So war es am vergangenen Wochenende auch beim Fußball-Drittligisten Hansa Rostock. Der will nach seinem erfolgreichen ersten Test mit 777 Fans beim nächsten Heimspiel sogar 3000 ins Ostseestadion bringen, wenn die Politik zustimmt. Das tut sie nicht überall. Auch Fußball-Bundesligits RB Leipzig hätte im Spitzenspiel gegen den FC Bayern München am 3. April gern Fans im Zentralstadion zugelassen, doch Oberbürgermeister Burkhard Jung (SPD) erteilte dem Ansinnen eine klare Absage: »Momentan ist es völlig illusorisch, in Sachsen und Leipzig vor Zuschauern zu spielen. Das ist in den nächsten Wochen nicht denkbar.« Interessanterweise ist die Inzidenz in Leipzig derzeit niedriger als in zehn der zwölf Berliner Bezirke. Und so weiß auch Volleys-Manager Niroomand, wann es gilt, auf die Bremse zu treten: »Selbst wenn mit unserem Hygienekonzept auch 4000 Leute hier reinkönnten, werden wir nur das machen, was die Bevölkerung akzeptiert. Was wir machen, muss eine Lösung für unsere Probleme sein und auf das Verständnis der Menschen treffen.«

Die Chance auf ein weiteres Heimspiel in der Finalserie hat sich seine Mannschaft jedenfalls erhalten. Die Volleys gewinnen gegen Düren schließlich mit 3:1 und erzwingen somit ein entscheidendes drittes Duell um den Finaleinzug beim selben Gegner. Benjamin Patch, der mit 30 Punkten überragende Spieler des Abends, weiß danach, bei wem er sich zu bedanken hat: »Es war so verrückt. Die Saison war hart, und plötzlich bekommen wir einen Extraschub Energie von unseren Fans. Jetzt habe ich wieder etwas, auf das ich mich freuen kann«, sagt der Angreifer der Volleys.
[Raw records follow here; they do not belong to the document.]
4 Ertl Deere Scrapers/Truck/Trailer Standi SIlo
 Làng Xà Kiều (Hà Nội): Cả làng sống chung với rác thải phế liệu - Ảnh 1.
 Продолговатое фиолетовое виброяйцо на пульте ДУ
Doch auch für die Menschen auf den Rängen sei der Abend wichtig gewesen, meint der US-Amerikaner. »Wir dürfen die mentale Gesundheit der Leute nicht vernachlässigen. Soziale Interaktionen sind so wichtig, um sich wohlzufühlen, doch wir alle sind seit einem Jahr isoliert voneinander. So eine Veranstaltung hilft, die Leute wieder miteinander zu verbinden. Man fühlt sich wieder als Teil von etwas. Das macht eine Gesellschaft aus. Also sollte das ein Signal an die Regierungen sein, dass wir die ganze Sache wieder in Gang bringen«, so Patch.

Schon beim Warmmachen hatte er wie auch seine Mitspieler ein Lächeln nicht aus dem Gesicht bekommen. Die Akteure werden mit Jubel und Geschrei begrüßt, mit lauten Ratschen und Klatschpappen. Auch wenn die Volleyballer so etwas von früher kennen, merkt man ihnen an, dass sie sich an die Einsamkeit gewöhnt hatten. Sie winken, lachen und klatschen im Takt der Musik. Der Hallen-DJ spielt Coldplays Song »Adventure of a Lifetime«, der wie eine Hymne zu diesem Abend passt: »I feel my heart beating / You make me feel like I’m alive again.« Ein simples Volleyballspiel als Reanimationsmaßnahme.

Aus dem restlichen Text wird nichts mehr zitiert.